Computer programs are terrible at telling you what they should be seeing but are not, which is why so many investors never clued in to the Madoff risks that many experienced professionals noticed.

When we do an asset search, we are always on the lookout for what doesn’t make sense. In the past three years, we’ve seen the following:

  • A man who claimed to put no money in any financial institution, yet whose computer showed a browsing history at two-dozen brokerages. You can keep your money out of banks, but still on deposit with Schwab or TD Ameritrade. Next step: 24 subpoenas to those brokers.
  • A divorcing husband’s loss-making entity that did no business (zero sales) yet persisted in paying one employee $75,000 a year. And, bank accounts showed the business paid plenty of taxes.

Both of these fit the common scenario in divorce: appearing to have fewer assets that you really have. In the first case, the husband hoped to get money out of his brokerage after the divorce was final. In the second, the company may have been in partnership with another company that was holding back the first company’s share of the profits until after the divorce. The second company could also have been owned by the husband or trusted friend or relative.

As with the Madoff fraud, a computer program did not point to either of the divorce cases above and spit out a “High Risk” or “Possible Asset Concealment” result. Instead, both findings were the product of hours of slow and careful research.

The next time you wonder why an asset search takes hours and not just the feeding of a few names and numbers into a database, remember: Databases tell you (sometimes) what’s there – not what isn’t.

Finding assets can be satisfying work, but frustration sometimes comes in realizing that a client’s lawyers haven’t been asking the right questions in their depositions.

We have written repeatedly that getting bank account information without a court order is illegal (other than discovering it on a shared computer or in records lying around). When we are looking for assets before a lawsuit has been filed, getting at bank records is a long shot, and what we look for are banks and brokerage accounts our clients’ lawyers can ask about when the time comes for discovery.

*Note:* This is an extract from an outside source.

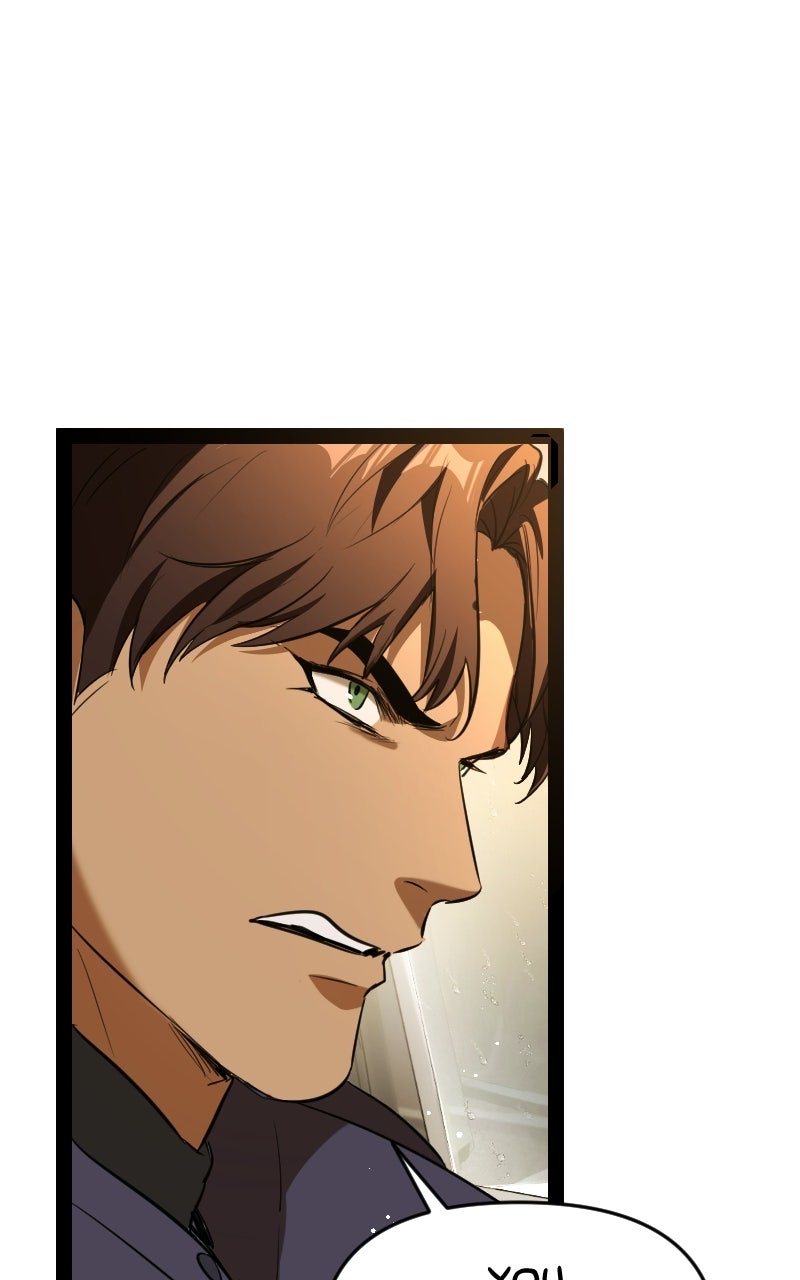 Accidental Assassin Episode 48 page 116 -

But how unfortunate it is when a client has been through discovery, or perhaps has a divorce agreement the former spouse is cheating on, and we find out that the lawyers never asked the right question.

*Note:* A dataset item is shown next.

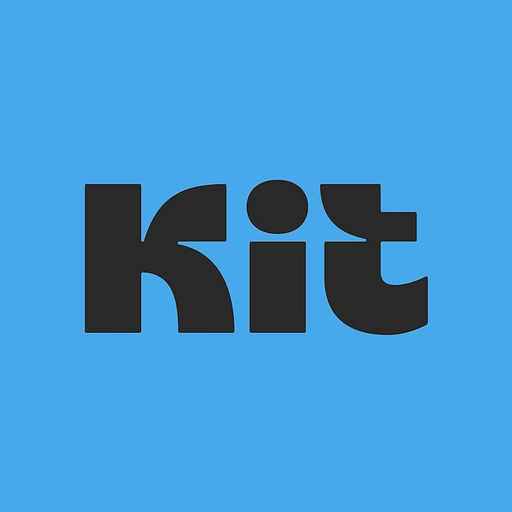 Kit.com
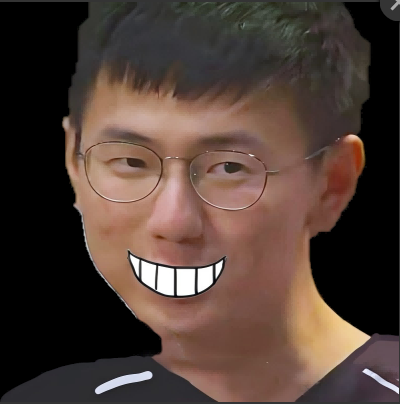 图28.jpg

The right question involves not just what someone makes, but what a company may be paying a company that employs that person or that beneficially owned by that person. The right question might be: “we see that your Oklahoma company paid taxes in seven other states. Why? What activities has the company had there?”

Not long ago, a woman came to us and asked us to find out where her ex-husband is working. We found convincing evidence that he was still employed at the same company as he had been during the divorce. At the time, his boss had been deposed and told our client’s lawyer that the ex-husband was making a paltry amount of money.

This seemed unlikely given his title and his history of high compensation. When we looked at the deposition transcript, it turned out that the boss had never been asked about beneficial ownership of companies.

It can work this way: instead of paying Mr. Jones his full salary, it pays Mr. Jones a small amount of money so that Mr. Jones can look as if there’s not much money to go after. The real money goes to Alpha LLC, a company Mr. Jones controls. Alpha LLC may have an agreement with the company that it will supply Mr. Jones’ services, for instance.

Companies don’t care how they pay you as long as they account for all of their payments and withhold the right amount of taxes and other government payments. If they are public and Mr. Jones is a major executive, they may have to disclose the compensation arrangement in securities filings. But if they are private, they don’t have to tell you about those payments to Mr. Jones’ side companies, trusts, or other vehicles.

Unless of course they are under oath and you ask them.